Cell stretching system
Cells were subjected to mechanical strain using the Flexercell Strain Unit (model FX-4000T, Flexercell International Corporation, McKeesport, PA). In this system, mechanical strain is obtained using 6-well, flexible-bottomed, collagen-coated culture plates (Bioflex culture plates) with a hydrophilic surface, capable of up to 20% stretch. Frequency, strain rate and degree of elongation of the culture substratum are controlled with a computer by regulating the rate of evacuation (vacuum concentration) and rate of air influx to the cell culture plate bottoms. For the experiments 10–15 3-day-old embryoid bodies were plated in complete cell culture medium into 6-well, flexible-bottomed culture plates.
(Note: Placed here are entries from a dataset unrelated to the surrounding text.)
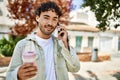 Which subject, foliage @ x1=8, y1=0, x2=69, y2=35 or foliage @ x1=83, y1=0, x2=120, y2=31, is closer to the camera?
foliage @ x1=83, y1=0, x2=120, y2=31

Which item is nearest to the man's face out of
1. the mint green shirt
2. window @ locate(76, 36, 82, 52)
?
the mint green shirt

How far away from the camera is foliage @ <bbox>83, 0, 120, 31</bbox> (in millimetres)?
12477

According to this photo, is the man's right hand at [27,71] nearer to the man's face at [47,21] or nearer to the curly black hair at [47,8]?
the man's face at [47,21]

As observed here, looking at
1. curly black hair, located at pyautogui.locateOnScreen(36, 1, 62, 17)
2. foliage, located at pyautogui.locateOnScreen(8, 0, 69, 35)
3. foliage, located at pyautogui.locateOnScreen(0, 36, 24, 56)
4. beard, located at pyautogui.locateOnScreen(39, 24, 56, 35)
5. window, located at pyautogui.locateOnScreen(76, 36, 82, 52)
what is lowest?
window, located at pyautogui.locateOnScreen(76, 36, 82, 52)

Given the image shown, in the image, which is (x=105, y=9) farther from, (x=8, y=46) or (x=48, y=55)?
(x=48, y=55)

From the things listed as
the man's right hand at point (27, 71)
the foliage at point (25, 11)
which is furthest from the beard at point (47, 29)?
the foliage at point (25, 11)

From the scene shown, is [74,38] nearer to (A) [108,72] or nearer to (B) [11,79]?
(A) [108,72]

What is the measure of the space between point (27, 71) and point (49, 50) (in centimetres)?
59

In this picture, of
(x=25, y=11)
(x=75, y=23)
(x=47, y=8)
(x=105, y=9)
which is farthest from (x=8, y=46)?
(x=75, y=23)

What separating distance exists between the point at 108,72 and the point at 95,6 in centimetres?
388

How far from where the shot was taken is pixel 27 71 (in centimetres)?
243

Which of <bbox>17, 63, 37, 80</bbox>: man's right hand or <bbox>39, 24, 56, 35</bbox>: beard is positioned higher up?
<bbox>39, 24, 56, 35</bbox>: beard

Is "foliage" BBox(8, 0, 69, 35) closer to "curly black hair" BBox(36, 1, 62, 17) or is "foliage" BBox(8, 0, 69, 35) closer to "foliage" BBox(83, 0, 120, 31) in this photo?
"foliage" BBox(83, 0, 120, 31)

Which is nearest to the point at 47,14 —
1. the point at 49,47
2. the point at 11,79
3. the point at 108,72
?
the point at 49,47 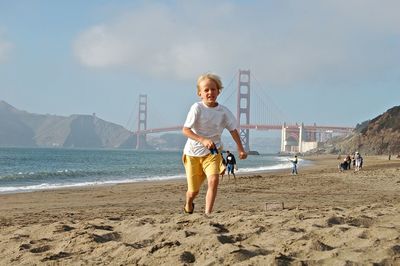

After 24 h, outgrown embryoid bodies were subjected to mechanical strain by elongation of the flexible membranes by either 5, 10, or 20%. Cell viability after mechanical strain application was controlled by the lethal cell dye Sytox green (Molecular Probes, Eugene, OR). It was found that the applied mechanical strain conditions did not affect cell viability of ES cells (data not shown).

Immunohistochemistry
Immunohistochemistry was performed with whole mount embryoid bodies. As primary antibodies, the rat monoclonal anti-PECAM-1 (CD31) (Chemicon) (dilution 1: 100), the rabbit polyclonal anti-ERK1,2, anti-c-Jun NH2-terminal kinase, and antip38 antibodies, directed against the active (phosphorylated form of the proteins) (New England Biolabs, Frankfurt, Germany) (dilution 1:100), the monoclonal anti-HIF-1 (ABRm, Golden, CO) (dilution 1:100), the monoclonal anti-vascular endothelial growth factor (Santa Cruz Biotechnology, Santa Cruz, CA) (dilution 1:100)), the polyclonal goat antimouse Nox-4, p22-phox, p47-phox, and rabbit antimouse p67-phox antibodies (dilution 1:50) (all from Santa Cruz) were used. For PECAM-1 and NADPH oxidase subunit staining the respective tissues were fixed in ice-cold methanol for 30 min at –20°C, and washed with PBS containing 0.1% Triton X-100 (PBST) (Sigma). For VEGF, HIF-1, ERK1,2, JNK, p38 the tissues were fixed for 1 h at 4°C in 4% formaldehyde in PBS. Blocking against unspecific binding was performed for 60 min with 10% FCS dissolved in 0.01% PBST. The tissues were subsequently incubated for 90 min at room temperature with primary antibodies dissolved in PBS supplemented with 10% FCS in 0.1% PBST. The tissues were thereafter washed three times with PBST (0.01% Triton) and reincubated with either a Cy5-conjugated goat anti-rat IgG (H+L) (PECAM-1), a Cy5-conjugated goat anti- mouse IgG (H+L) (VEGF, HIF-1), or a Cy5-conjugated goat anti-rabbit IgG (ERK1,2, JNK, p38) (all from Dianova, Hamburg, Germany) at a concentration of 3.8 µg/ml in PBS containing 10% FCS in 0.01% PBST. After washing three times in PBST (0.01% Triton), the tissues were stored in PBS until inspection. Fluorescence recordings were performed by means of a confocal laser scanning setup (Leica TCS SP2, Bensheim, Germany) connected to an inverted microscope (DMIRE2, Leica). The confocal setup was equipped with a 5 mW helium/neon laser single excitation 633 nM (excitation of Cy5). Emission was recorded at > 665 nM. The pinhole settings of the confocal setup were adjusted to give a full width half maximum (FWHM) of 10 µm. Fluorescence was recorded in a depth of 80–120 µm in the depth of the tissue, and the fluorescence values in the respective optical section were evaluated by the image analysis software of the confocal setup.

Quantitative RT-PCR
Total RNA from CCE S103 embryoid bodies treated with mechanical strain was prepared using Trizol (Invitrogen) according to manufacturer’s recommendations followed by genomic DNA digestion using DNase I (Invitrogen). Total RNA concentration was determined by the optical density_{260 nM} method. cDNA synthesis was performed using 2 µg RNA in a total vol of 20 µl with MMLV RT (Gibco BRL).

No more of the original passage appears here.